COLUMBUS, OH—A variety of factors go into the financial wheeling and dealing of the hospitality sector, from finding the right partner—and the right property—to all of the issues affecting today’s hoteliers.
Held here last month at Eleven restaurant, in conjunction with Rockbridge RTRX, which has raised millions of dollars for cancer research, the Hotel Business Executive Roundtable “Investing in the Future: The Art of the Deal” provided a platform for 10 industry executives to share their varying opinions on the topic. The roundtable was hosted and sponsored by Rockbridge and moderated by Hotel Business Senior Editor CJ Arlotta.
The participants all agreed that finding the right partner is key to making the deal work.
“It does help when you have a partner who understands an industry,” said Rick Takach, chairman/CEO of Vesta Hospitality. “It makes a big difference. I have had partners who really didn’t understand the industry and they really wanted to learn—it makes it very difficult. [You want] somebody who understands the industry, somebody who has integrity, somebody you can trust, somebody who is non-litigious because you really get to see what people are like when things get tight. So, you better have a good relationship.”
Jennifer Dakin, SVP at Wells Fargo’s Hospitality Finance Group, said that her company examines three factors when considering a partner. “Our motto is: ‘People, credit, real estate.’ You really want to do business with people who you can look across the table and strike a deal with and know that they are going to follow through on what they say they are going to do,” she said. “We also look at the credit quality of these people and make sure that they are adequately capitalized to handle whatever obligations they are entering into. Then, you are obviously looking at the quality of the real estate and making sure that it’s sustainable.”
For Jim Merkel, CEO of Rockbridge, knowing who your partners are and how they behave really matters during the tough times. “Put together the right team, the right partnership, where you can look each other in the eye—you don’t have to agree on everything, but agree that you are going to try to do the right thing, be transparent and have high integrity—because we are all trying to do good business for our investors,” he said. We all have investors in our companies… We are trying to create sustainability. You have to consistently do good deals in order to grow and build your company.

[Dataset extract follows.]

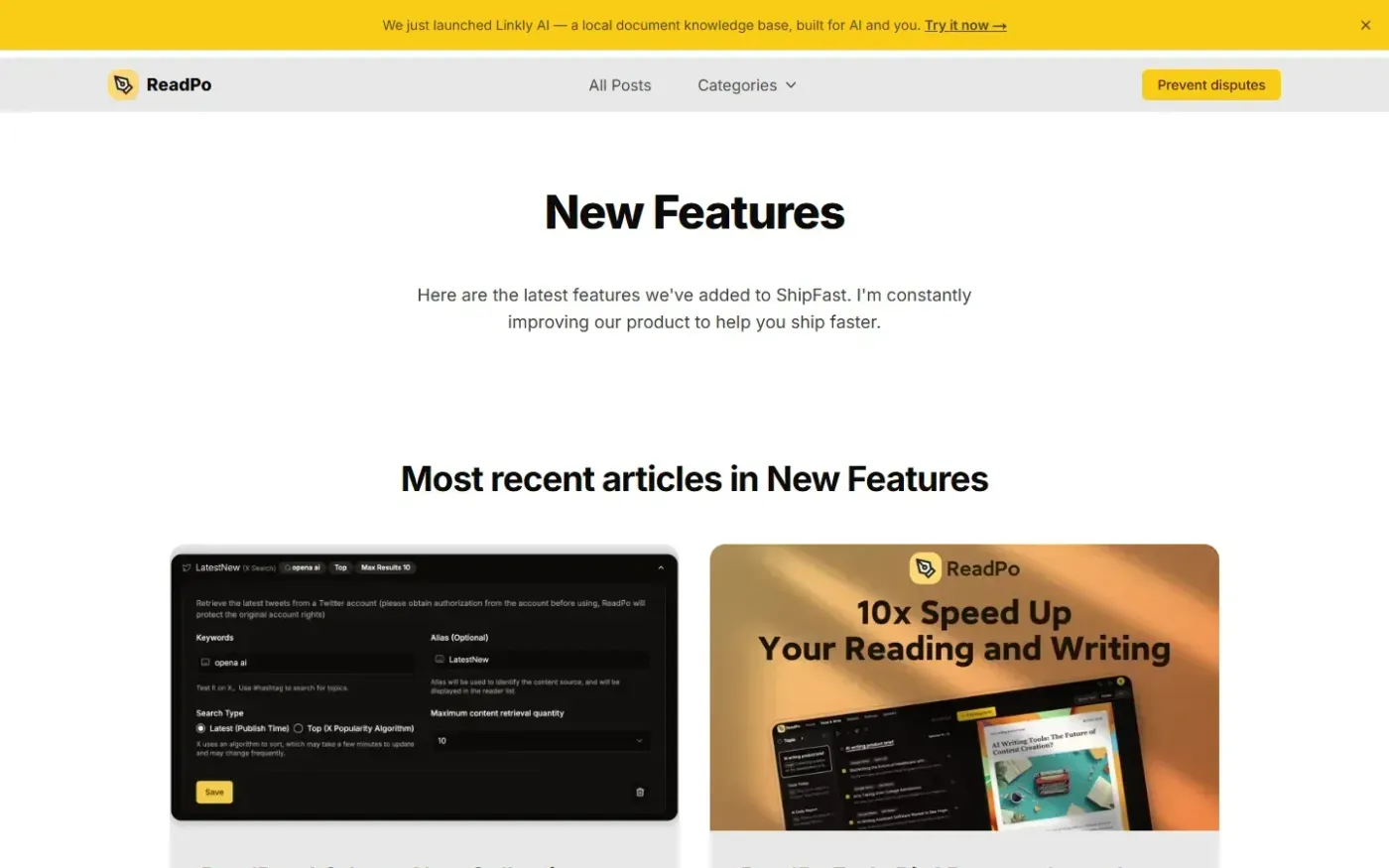 Readpo — Blog page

Looking around the table, everyone here has done that very successfully over the long term, and I think that’s in large part because they care about who they do business with and what they do when they sign their name onto it.”
With the “right” partners being so important, it is no surprise that many in the industry try and use the same ones as much as possible. “Using the same partners as much as you can is really helpful because with most capital partner investors, their asset management has gotten so sophisticated and so hands-on and so engaged, you want to do business with the same folks; you already have the system down, you have the process down, you have the communications,” said Robert Cole, president/CEO of HVMG. “Lenders and investors have just really stepped up their asset management game.”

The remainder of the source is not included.